Su sonido es misterioso y adictivo, con un profundo oleaje de
decibelios. Hay una urgencia controlada en las guitarras de Fripp y
Jakszyk, escoltadas por el bajo frenético de Tony Levin. Collins aporta
dramatismo con su flauta, saxofón o mellotron. Y los tres bateristas
(Pat Mastelotto, Gavin Harrison y Jeremy Stacey) nutren de fiereza el
pasaje. Recrean paisajes casi sobrenaturales, con un aire apocalíptico,
definitivo, como esas ecuaciones físicas que manejan el espacio, el
tiempo y la materia para resolver enigmas humanos. Casi imposible,
permanecer impasible ante la impactante onda expansiva de rock, o lo que
sea eso, de King Crimson.
Tercera llamada
Cierto que a veces pueden resultar demasiado excesivos en
su trascendencia, convirtiéndose en una propuesta cargante para el
aficionado de gustos primarios, pero su fuerza instrumental es
innegable. Se mueven en escalas diferentes, de menos a todo, del fin al
detalle minimalista o al silencio, siempre en continuo viaje. Esta
célula independiente –tal como le gusta calificar a la banda a Fripp–
tiene identidad exclusiva. Etiquetar a King Crimson de rock progresivo o
sinfónico es quedarse corto. Es reducir algo más complejo a una simple
catalogación; más, cuando el tiempo no ha dejado bien parado al
rimbombante rock sinfónico, con toda su pompa y sus fuegos artificiales
que no dicen nada décadas después. Con todos sus cambios de formación,
con todas las manías y proyectos paralelos del genio Fripp –auténtico
vehículo creativo del grupo–, King Crimson es mucho más. Un experimento
en continuo movimiento, repleto de fiereza instrumental y buenas dosis
de transgresión, con identidad de clásico y aroma marciano.

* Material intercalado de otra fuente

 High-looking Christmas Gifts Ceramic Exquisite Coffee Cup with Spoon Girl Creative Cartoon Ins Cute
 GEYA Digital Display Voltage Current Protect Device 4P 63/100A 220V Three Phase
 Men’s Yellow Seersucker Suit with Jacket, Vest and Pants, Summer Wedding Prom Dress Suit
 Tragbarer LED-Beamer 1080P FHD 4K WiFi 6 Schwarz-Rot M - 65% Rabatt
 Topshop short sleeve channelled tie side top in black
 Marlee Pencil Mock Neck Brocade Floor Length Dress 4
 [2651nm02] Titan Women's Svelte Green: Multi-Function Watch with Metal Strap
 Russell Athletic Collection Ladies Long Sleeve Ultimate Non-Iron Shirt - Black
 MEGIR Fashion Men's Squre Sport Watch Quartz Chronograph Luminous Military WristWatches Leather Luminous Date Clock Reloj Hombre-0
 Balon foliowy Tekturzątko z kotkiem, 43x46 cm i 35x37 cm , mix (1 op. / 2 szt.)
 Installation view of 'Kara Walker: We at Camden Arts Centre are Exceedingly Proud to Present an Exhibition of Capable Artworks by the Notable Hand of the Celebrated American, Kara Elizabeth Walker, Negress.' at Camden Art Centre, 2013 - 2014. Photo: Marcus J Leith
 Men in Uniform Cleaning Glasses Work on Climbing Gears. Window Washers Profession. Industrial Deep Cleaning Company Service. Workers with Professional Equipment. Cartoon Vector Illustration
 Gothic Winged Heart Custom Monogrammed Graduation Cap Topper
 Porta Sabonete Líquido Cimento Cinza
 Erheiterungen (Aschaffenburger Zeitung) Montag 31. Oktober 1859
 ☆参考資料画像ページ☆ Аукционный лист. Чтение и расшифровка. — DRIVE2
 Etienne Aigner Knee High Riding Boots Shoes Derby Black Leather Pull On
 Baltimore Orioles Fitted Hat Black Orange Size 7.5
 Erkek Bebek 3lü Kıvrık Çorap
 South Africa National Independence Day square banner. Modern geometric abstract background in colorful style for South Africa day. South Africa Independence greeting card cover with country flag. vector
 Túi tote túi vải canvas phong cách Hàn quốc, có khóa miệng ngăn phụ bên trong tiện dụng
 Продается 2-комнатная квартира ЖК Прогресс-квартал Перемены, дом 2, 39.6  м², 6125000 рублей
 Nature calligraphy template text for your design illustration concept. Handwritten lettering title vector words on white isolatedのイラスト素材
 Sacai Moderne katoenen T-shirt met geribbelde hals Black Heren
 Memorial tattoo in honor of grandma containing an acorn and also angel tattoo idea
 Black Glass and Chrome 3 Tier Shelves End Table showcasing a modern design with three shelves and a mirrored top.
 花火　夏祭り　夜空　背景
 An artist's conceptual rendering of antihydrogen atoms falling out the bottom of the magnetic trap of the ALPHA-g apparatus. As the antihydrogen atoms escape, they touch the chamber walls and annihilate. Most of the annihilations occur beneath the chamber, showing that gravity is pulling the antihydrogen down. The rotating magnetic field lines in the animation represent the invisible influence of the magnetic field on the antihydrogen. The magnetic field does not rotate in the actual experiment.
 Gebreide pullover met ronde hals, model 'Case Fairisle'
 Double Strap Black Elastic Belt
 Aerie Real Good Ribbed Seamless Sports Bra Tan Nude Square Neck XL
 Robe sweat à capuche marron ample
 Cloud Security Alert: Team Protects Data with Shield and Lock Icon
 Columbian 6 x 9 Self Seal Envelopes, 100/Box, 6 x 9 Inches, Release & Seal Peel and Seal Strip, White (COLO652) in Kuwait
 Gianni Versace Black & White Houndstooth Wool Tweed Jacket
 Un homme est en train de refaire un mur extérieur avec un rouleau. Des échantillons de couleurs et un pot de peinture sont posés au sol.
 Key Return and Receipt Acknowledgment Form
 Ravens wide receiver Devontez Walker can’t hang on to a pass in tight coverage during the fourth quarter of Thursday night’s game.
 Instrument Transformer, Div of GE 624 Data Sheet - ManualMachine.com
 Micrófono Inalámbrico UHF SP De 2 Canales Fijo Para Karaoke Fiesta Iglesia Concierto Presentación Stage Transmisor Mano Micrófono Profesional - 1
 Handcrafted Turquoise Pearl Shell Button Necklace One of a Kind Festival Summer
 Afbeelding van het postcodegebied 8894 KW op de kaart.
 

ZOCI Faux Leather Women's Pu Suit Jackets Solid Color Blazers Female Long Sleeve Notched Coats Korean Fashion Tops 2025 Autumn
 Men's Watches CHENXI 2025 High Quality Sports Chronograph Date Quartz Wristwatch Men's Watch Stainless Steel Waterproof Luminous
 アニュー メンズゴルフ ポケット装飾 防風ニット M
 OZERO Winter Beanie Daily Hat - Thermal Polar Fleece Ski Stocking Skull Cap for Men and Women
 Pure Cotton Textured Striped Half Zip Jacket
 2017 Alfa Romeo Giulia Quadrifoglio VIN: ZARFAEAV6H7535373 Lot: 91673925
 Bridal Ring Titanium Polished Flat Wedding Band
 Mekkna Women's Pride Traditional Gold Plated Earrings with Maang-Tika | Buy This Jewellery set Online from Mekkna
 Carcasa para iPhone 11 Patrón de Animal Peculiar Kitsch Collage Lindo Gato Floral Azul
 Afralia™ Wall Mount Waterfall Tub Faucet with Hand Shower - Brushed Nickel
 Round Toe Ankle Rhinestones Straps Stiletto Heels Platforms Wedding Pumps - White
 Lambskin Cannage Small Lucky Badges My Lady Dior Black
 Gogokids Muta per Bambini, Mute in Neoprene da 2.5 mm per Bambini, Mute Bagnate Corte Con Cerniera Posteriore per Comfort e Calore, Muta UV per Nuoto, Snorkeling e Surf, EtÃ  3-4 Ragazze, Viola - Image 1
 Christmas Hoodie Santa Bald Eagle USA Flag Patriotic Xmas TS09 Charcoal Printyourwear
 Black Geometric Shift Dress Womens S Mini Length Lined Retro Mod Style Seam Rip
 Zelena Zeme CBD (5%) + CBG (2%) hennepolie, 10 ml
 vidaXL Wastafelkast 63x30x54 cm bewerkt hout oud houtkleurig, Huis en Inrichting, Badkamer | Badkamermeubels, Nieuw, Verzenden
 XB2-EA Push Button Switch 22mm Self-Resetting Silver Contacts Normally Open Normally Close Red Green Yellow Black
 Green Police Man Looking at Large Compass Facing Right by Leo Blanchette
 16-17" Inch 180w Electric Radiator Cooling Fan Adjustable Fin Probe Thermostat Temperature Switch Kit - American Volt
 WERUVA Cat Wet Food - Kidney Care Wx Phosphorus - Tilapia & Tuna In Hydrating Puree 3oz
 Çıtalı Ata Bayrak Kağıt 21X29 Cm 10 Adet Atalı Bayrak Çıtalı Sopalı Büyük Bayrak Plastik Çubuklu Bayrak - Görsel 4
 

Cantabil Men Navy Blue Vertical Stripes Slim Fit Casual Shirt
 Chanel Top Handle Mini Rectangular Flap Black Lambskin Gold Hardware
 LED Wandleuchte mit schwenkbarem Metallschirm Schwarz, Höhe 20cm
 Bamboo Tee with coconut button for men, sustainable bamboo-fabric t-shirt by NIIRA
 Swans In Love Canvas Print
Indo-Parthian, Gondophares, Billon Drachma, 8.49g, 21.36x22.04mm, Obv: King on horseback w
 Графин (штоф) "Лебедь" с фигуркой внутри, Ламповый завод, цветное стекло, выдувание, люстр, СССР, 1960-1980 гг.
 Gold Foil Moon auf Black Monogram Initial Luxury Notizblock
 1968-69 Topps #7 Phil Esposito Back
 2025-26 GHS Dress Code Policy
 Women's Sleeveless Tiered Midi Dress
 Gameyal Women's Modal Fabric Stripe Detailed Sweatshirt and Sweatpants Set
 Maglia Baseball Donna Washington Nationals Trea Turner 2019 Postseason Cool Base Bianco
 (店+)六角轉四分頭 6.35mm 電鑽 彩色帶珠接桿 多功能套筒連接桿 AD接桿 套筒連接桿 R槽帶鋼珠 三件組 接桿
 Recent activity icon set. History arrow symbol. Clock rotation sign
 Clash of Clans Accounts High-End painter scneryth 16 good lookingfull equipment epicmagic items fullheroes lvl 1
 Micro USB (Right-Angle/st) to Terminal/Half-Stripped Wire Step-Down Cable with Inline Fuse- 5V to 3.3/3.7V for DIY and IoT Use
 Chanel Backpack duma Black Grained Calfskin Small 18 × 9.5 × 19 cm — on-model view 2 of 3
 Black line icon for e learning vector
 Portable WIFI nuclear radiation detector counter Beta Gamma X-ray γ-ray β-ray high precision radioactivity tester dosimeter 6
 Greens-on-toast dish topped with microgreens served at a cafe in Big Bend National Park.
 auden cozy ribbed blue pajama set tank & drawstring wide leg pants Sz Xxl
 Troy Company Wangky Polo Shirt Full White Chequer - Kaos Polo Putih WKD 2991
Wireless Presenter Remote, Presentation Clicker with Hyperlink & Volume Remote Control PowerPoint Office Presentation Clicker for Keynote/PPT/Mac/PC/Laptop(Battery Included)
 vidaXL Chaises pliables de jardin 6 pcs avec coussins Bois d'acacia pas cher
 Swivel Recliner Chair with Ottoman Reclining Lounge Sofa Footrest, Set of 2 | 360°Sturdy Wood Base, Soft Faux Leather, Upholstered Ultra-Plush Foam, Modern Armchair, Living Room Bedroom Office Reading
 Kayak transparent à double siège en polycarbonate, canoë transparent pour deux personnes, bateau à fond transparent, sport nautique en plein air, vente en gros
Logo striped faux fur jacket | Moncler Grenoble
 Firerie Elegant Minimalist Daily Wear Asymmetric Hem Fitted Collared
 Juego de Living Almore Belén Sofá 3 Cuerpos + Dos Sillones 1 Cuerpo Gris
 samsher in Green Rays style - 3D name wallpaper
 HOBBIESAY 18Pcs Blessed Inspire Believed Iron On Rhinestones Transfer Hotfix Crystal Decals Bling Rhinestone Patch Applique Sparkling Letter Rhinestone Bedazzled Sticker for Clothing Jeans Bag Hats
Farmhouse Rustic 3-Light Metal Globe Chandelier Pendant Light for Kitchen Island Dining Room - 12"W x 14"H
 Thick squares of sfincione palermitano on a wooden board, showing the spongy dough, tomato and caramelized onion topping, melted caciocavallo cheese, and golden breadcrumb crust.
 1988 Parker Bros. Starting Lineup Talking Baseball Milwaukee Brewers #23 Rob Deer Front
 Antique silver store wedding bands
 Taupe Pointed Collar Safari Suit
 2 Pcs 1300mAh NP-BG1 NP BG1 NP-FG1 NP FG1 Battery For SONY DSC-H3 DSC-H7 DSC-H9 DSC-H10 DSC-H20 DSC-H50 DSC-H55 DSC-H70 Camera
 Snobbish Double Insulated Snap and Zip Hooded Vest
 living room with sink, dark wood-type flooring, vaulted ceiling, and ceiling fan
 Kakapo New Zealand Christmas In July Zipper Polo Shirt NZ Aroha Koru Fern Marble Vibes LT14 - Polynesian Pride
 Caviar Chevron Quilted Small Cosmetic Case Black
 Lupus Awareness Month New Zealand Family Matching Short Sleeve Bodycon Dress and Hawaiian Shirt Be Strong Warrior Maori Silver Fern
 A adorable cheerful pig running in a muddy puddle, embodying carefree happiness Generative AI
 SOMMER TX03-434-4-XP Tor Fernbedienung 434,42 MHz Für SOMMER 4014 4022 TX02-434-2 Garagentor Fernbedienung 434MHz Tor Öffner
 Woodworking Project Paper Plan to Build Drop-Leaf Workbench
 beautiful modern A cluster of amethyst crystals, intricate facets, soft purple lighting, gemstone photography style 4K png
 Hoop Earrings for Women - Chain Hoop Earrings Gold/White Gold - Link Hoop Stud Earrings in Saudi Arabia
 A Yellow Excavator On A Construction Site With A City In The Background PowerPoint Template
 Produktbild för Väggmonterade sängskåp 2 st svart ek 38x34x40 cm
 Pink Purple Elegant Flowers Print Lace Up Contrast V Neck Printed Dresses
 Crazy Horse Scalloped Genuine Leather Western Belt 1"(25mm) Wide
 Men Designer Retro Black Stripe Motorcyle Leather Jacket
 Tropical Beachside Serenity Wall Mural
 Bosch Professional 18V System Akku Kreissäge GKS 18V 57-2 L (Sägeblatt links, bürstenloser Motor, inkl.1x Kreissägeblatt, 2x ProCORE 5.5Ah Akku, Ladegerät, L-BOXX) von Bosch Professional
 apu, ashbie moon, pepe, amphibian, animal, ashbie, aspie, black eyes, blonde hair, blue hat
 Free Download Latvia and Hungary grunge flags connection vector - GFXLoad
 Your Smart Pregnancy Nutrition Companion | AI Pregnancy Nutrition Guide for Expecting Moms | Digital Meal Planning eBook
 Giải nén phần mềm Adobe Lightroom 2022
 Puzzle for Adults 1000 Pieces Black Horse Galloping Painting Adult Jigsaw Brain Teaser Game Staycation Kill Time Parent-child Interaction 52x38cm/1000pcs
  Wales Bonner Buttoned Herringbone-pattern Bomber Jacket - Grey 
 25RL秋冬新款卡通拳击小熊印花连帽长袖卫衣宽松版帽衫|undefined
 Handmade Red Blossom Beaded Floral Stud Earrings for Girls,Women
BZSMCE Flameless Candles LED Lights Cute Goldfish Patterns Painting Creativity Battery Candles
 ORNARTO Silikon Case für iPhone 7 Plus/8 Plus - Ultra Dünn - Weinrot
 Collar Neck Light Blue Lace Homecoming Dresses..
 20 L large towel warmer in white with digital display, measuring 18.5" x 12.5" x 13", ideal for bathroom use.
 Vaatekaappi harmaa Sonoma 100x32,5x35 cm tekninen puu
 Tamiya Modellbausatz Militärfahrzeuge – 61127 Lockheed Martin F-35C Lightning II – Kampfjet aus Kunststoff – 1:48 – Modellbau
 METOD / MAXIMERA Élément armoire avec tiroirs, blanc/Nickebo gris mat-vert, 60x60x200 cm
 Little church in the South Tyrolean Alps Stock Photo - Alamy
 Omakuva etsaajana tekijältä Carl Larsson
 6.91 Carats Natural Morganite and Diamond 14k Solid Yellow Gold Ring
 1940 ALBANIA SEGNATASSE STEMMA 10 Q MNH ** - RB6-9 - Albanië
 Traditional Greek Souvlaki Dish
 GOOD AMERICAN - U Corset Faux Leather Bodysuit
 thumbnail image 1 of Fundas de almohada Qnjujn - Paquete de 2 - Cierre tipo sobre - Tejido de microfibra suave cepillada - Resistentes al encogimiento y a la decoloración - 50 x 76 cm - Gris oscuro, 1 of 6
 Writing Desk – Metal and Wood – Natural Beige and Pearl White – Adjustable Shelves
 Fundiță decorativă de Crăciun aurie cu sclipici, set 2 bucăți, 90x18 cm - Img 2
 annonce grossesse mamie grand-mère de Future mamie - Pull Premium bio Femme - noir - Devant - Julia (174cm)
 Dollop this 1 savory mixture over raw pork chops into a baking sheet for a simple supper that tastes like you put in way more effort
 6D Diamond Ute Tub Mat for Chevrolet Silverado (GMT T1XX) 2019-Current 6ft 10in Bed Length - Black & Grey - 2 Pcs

Decían por los altavoces que sólo se podía grabar con los ojos y la
mente. Visto y oído lo de ayer, en este esperado regreso, se puede decir
que sí: será difícil olvidarlo, sonando como suenan aún a una galaxia
lejana.”
Hasta aquí la reseña de Francisco J. Ramírez que, al igual que muchos
de los seguidores del rock progresivo, compartieron y disfrutaron uno
de los mejores conciertos –sin duda– que en vida uno puede escuchar.